### Task instructions
Each line between the one holding "You can change" and the end of the material below, both included, is to be transcribed word for word, with pictures left out.

### Data
━━━━━━━━━━━━━━━━━━━━

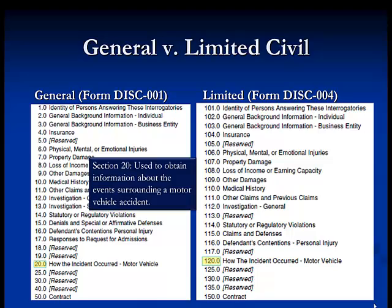The interrogatories in section 20 or 120 are fairly self-explanatory and are used in motor vehicle cases. These interrogatories ask questions such as how the accident occurred or other questions relevant to a motor vehicle case.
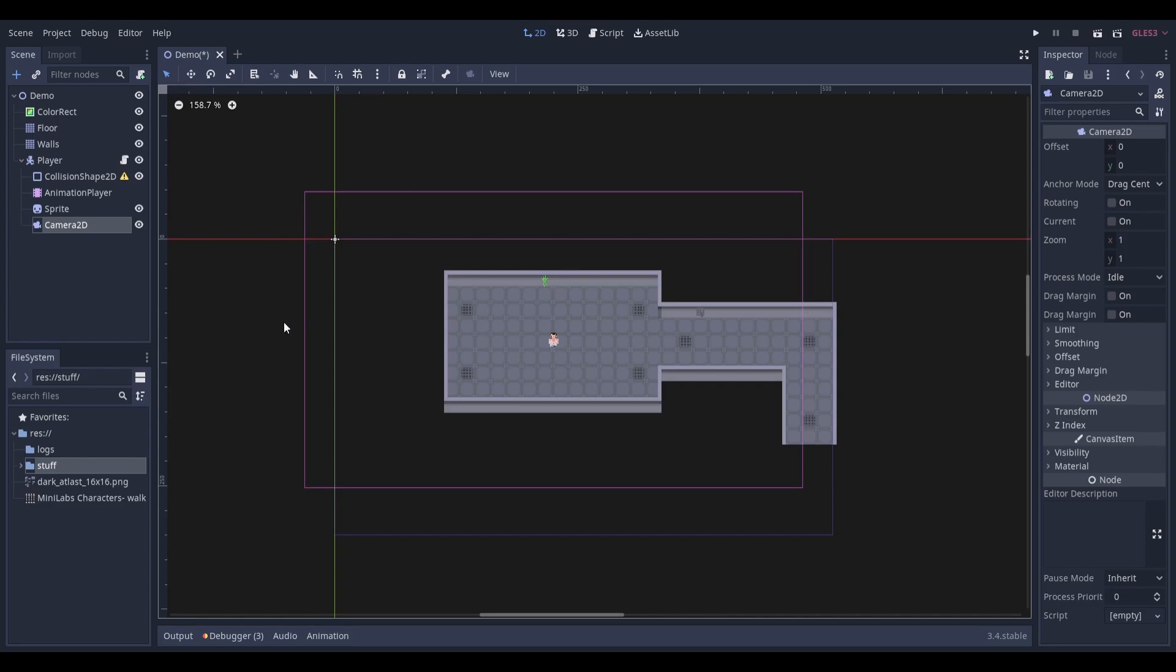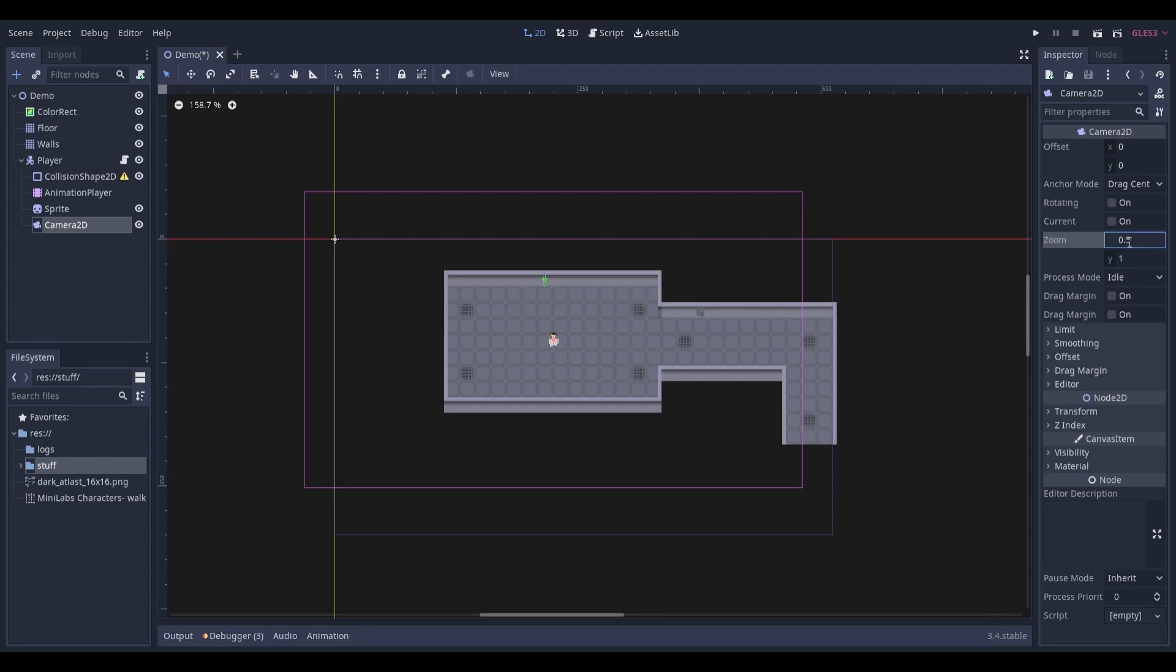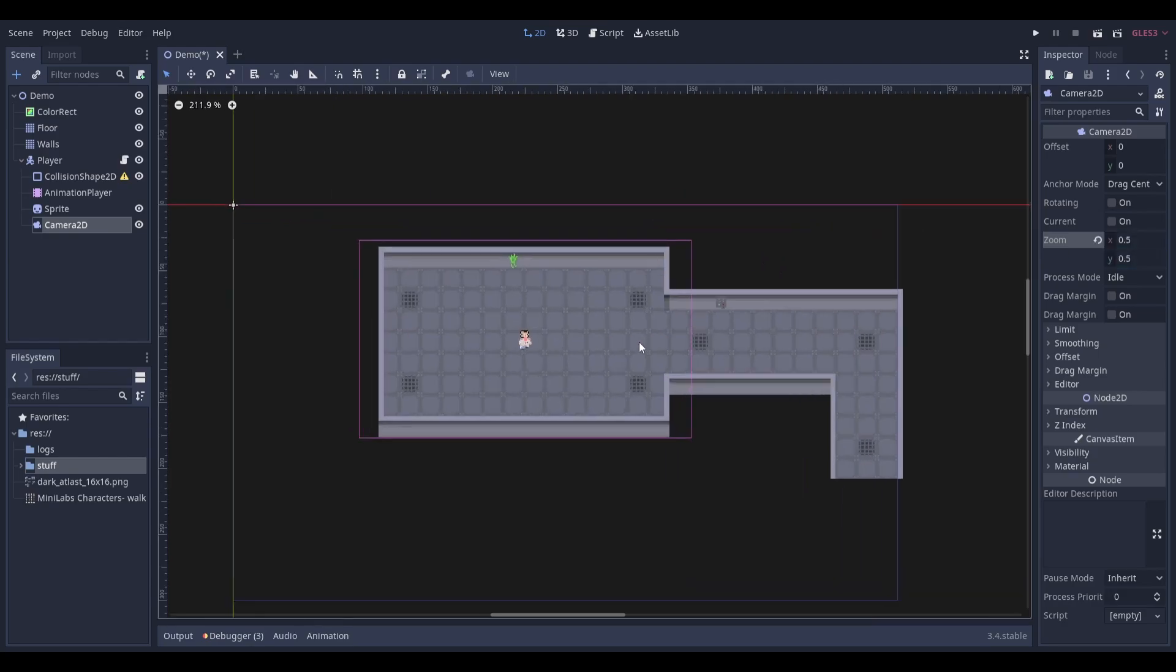You can change the size of this box by adjusting the zoom values. Lower values will make the box smaller while higher values will make the box bigger.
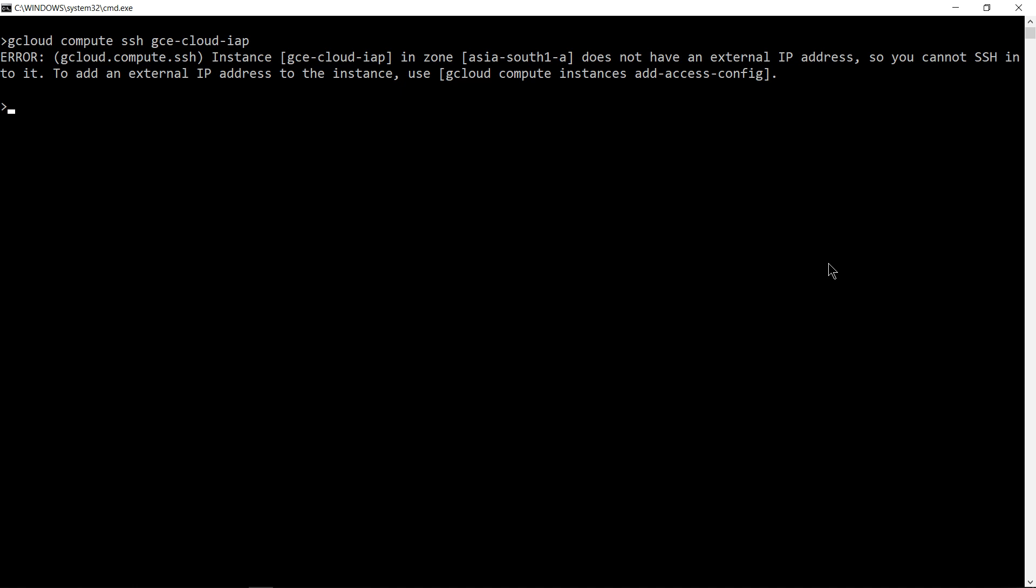To run this, make sure you already have your Cloud SDK up to date. Just run this command: gcloud components update. Hit enter and you should see a message your SDK is all up to date.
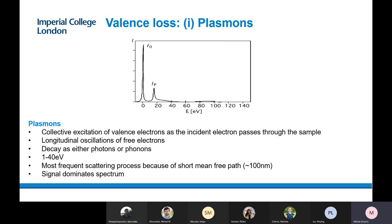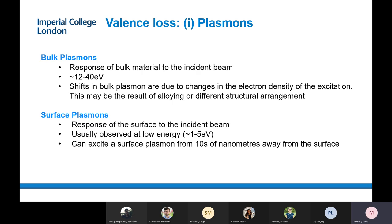Moving further from the zero loss peak, we have plasmons, which are a collective excitation of valence electrons. This is something we can start to record more routinely. This is typically a region between 1 to 40 electron volts. We have two types of plasmons: bulk plasmons, which are the oscillation of the bulk of the material, and surface plasmons, which have less energy and can be observed only on the surfaces of the material — like tens of nanometers away from the surface.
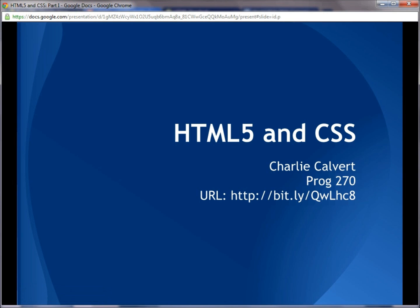Hi, this is Charlie Calvert, and this is an introductory video in HTML5 and CSS. It is meant for all web developers, but especially for non-technical users.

━━━━━━━━━━━━━━━━━━━━

### Problem solution
You can change the size of this box by adjusting the zoom values. Lower values will make the box smaller while higher values will make the box bigger.
To run this, make sure you already have your Cloud SDK up to date. Just run this command: gcloud components update. Hit enter and you should see a message your SDK is all up to date.
Moving further from the zero loss peak, we have plasmons, which are a collective excitation of valence electrons. This is something we can start to record more routinely. This is typically a region between 1 to 40 electron volts. We have two types of plasmons: bulk plasmons, which are the oscillation of the bulk of the material, and surface plasmons, which have less energy and can be observed only on the surfaces of the material — like tens of nanometers away from the surface.
Hi, this is Charlie Calvert, and this is an introductory video in HTML5 and CSS. It is meant for all web developers, but especially for non-technical users.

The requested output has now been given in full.